INPUT DATA:

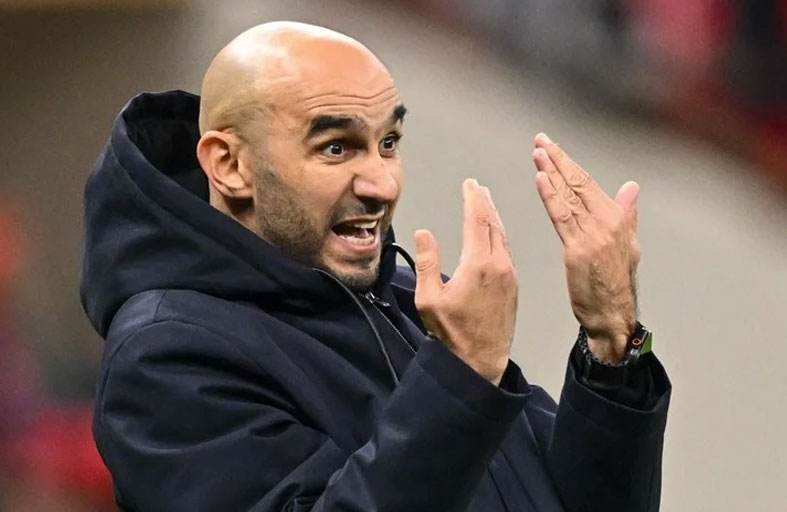 قائمة من المدربين على رأسها الركراكي لإنقاذ «الأخضر»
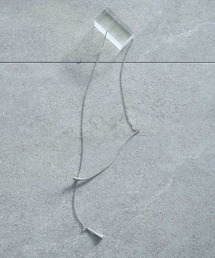 HARE | ニュアンスラインネックレス(HARE)(ネックレス)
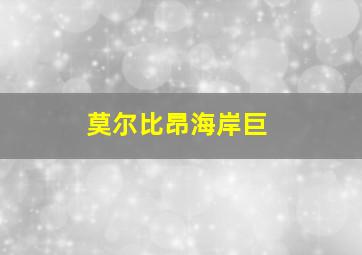 莫尔比昂海岸巨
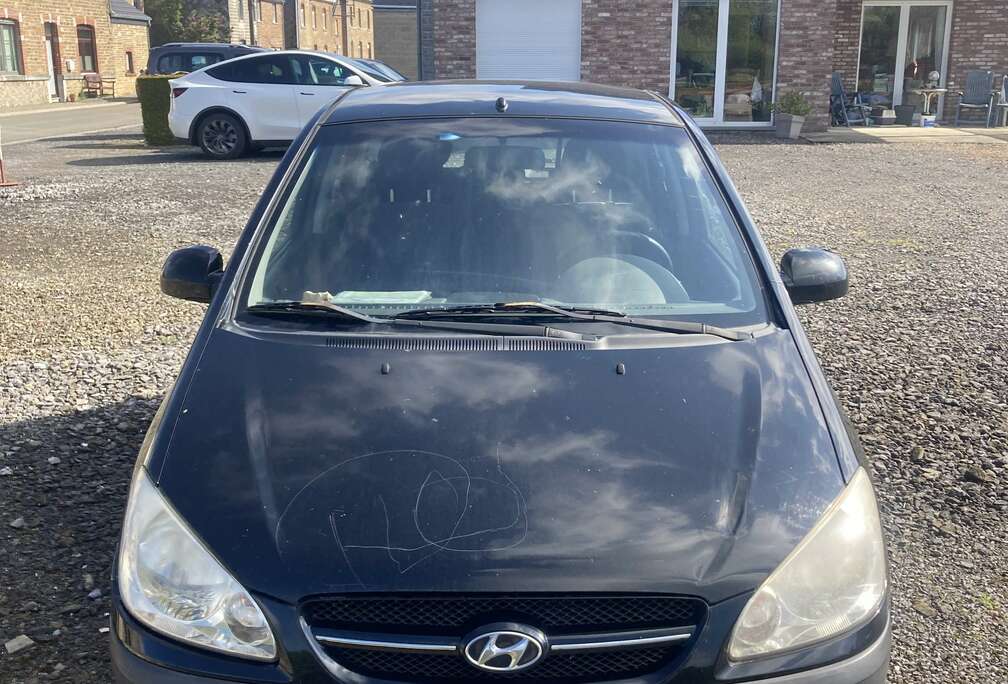 Hyundai 1.5 Turbo CRDi 16v i-Blue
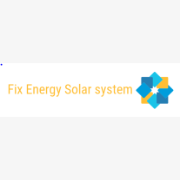 Fix Energy Solar system
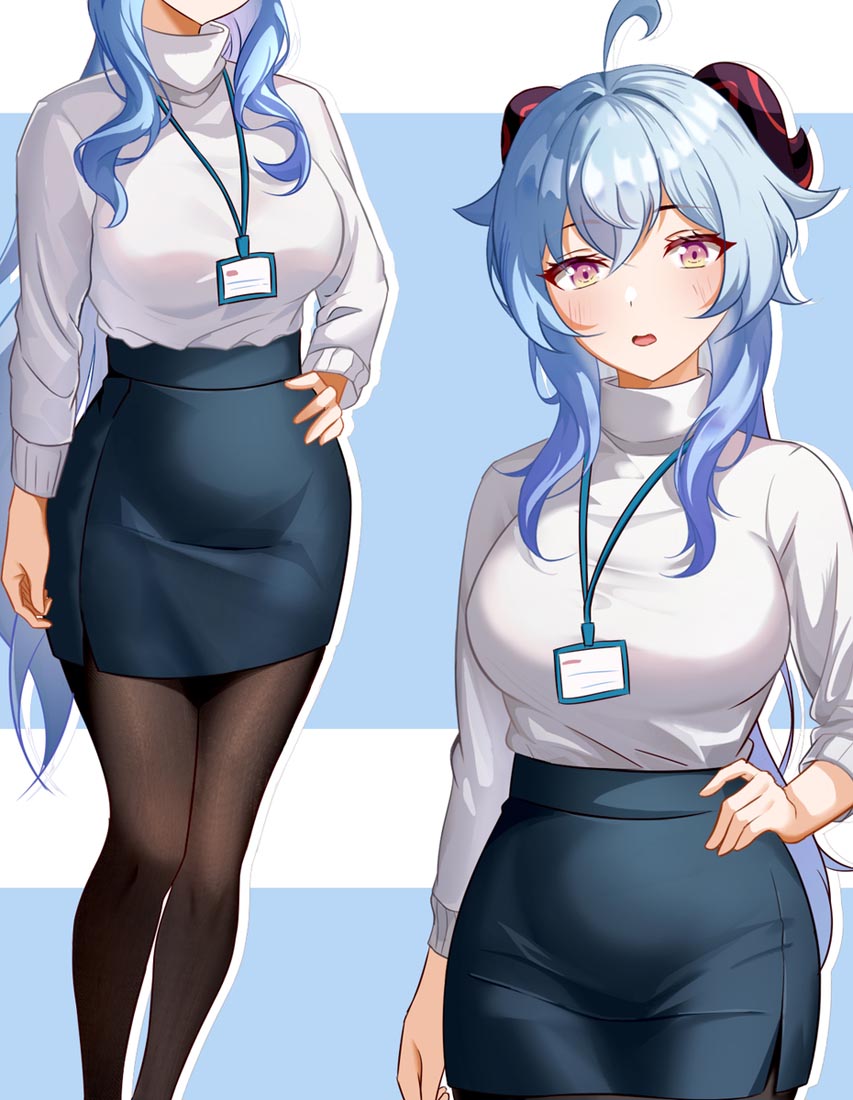 【231016】 Pixiv二次元美图#晚安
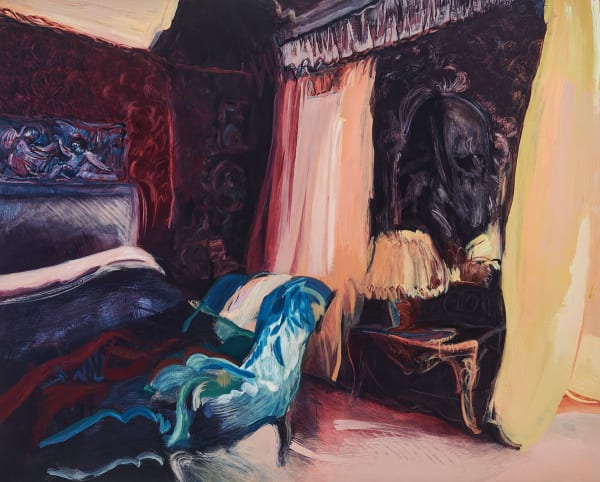 Renata Pari-Lewis, Get Up and Get Dressed, 2024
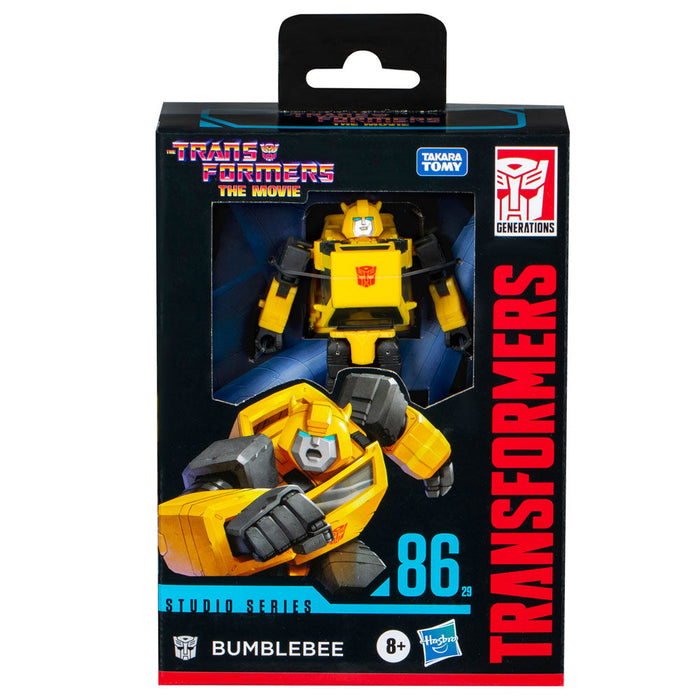 Transformers Studio Series Bumblebee figure 11cm-2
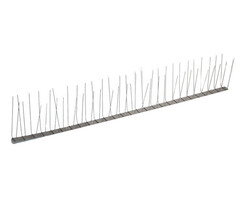 Gromo Duivenwering dakgoot - 1 meter
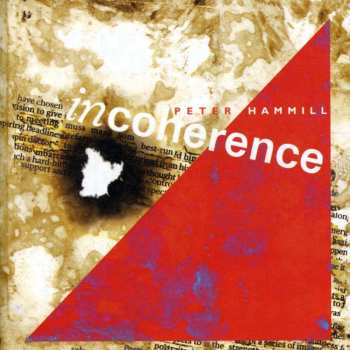 CD Peter Hammill: Incoherence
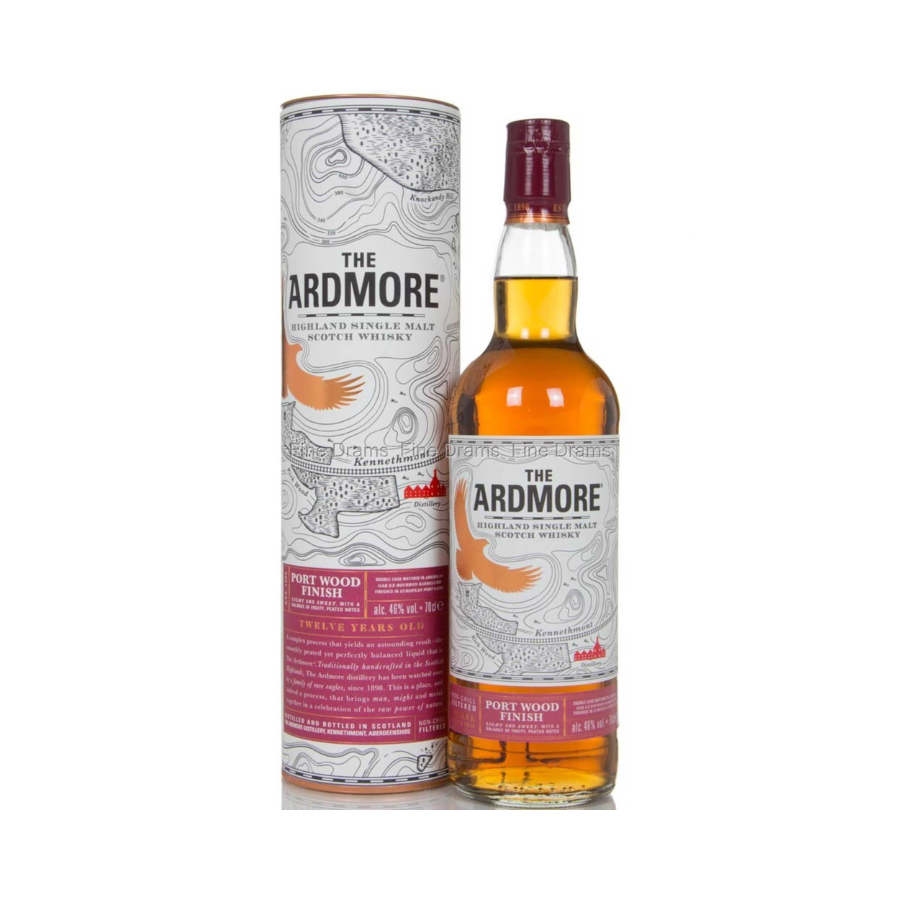 Ardmore 12y Portwood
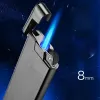 HB OB822 кремниевая турбо зажигалка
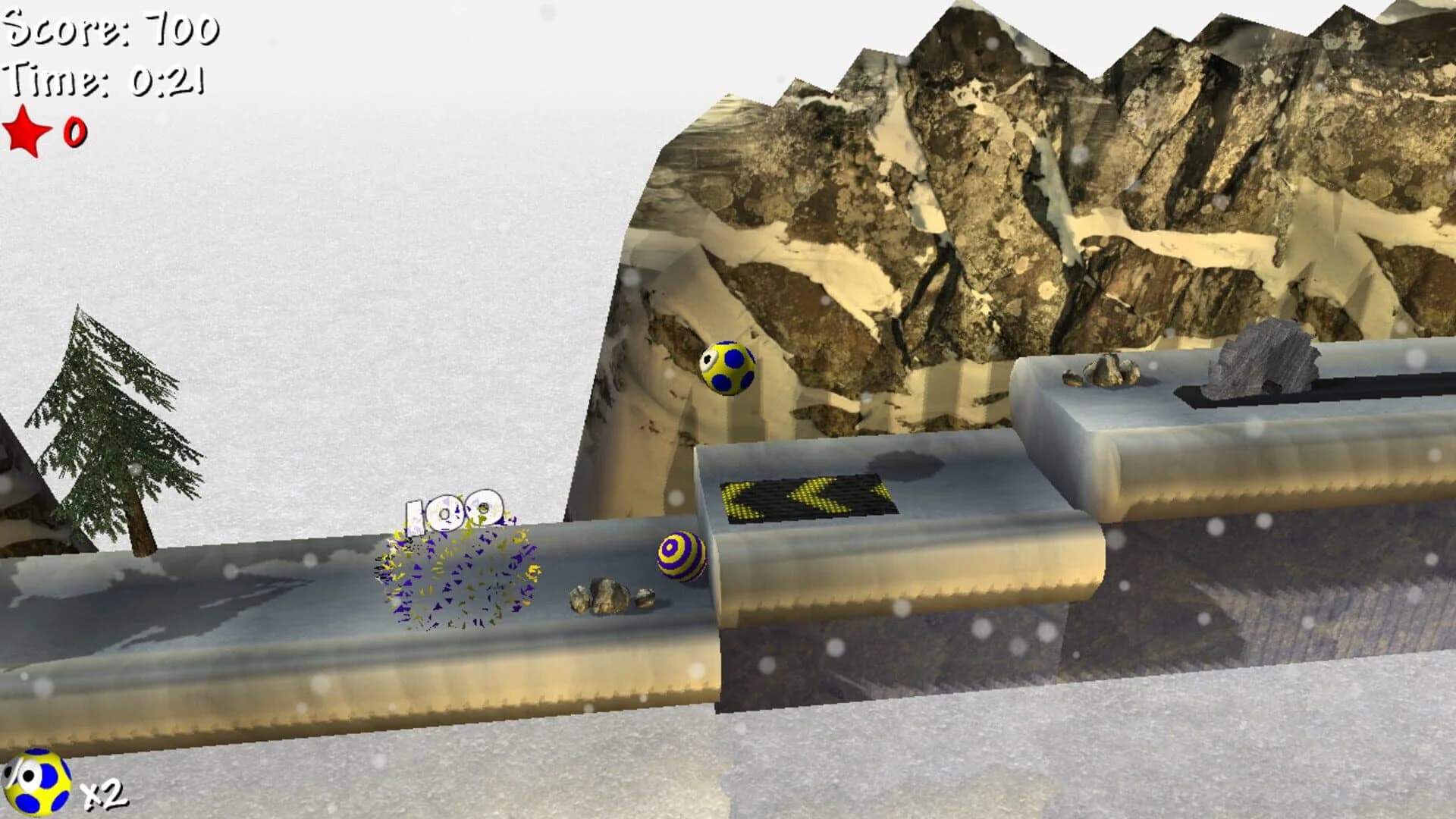 On a Roll 3D screenshot 3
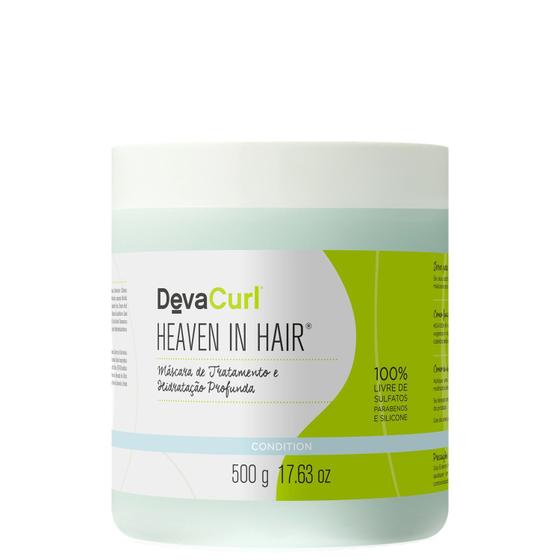 Imagem de Deva Curl Heaven in Hair - Máscara Capilar 500g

TASK DETAILS: Return every record exactly. Pictures stay out.

ANSWER TO THE EXERCISE:
 قائمة من المدربين على رأسها الركراكي لإنقاذ «الأخضر»
 HARE | ニュアンスラインネックレス(HARE)(ネックレス)
 莫尔比昂海岸巨
 Hyundai 1.5 Turbo CRDi 16v i-Blue
 Fix Energy Solar system
 【231016】 Pixiv二次元美图#晚安
 Renata Pari-Lewis, Get Up and Get Dressed, 2024
 Transformers Studio Series Bumblebee figure 11cm-2
 Gromo Duivenwering dakgoot - 1 meter
 CD Peter Hammill: Incoherence
 Ardmore 12y Portwood
 HB OB822 кремниевая турбо зажигалка
 On a Roll 3D screenshot 3
 Imagem de Deva Curl Heaven in Hair - Máscara Capilar 500g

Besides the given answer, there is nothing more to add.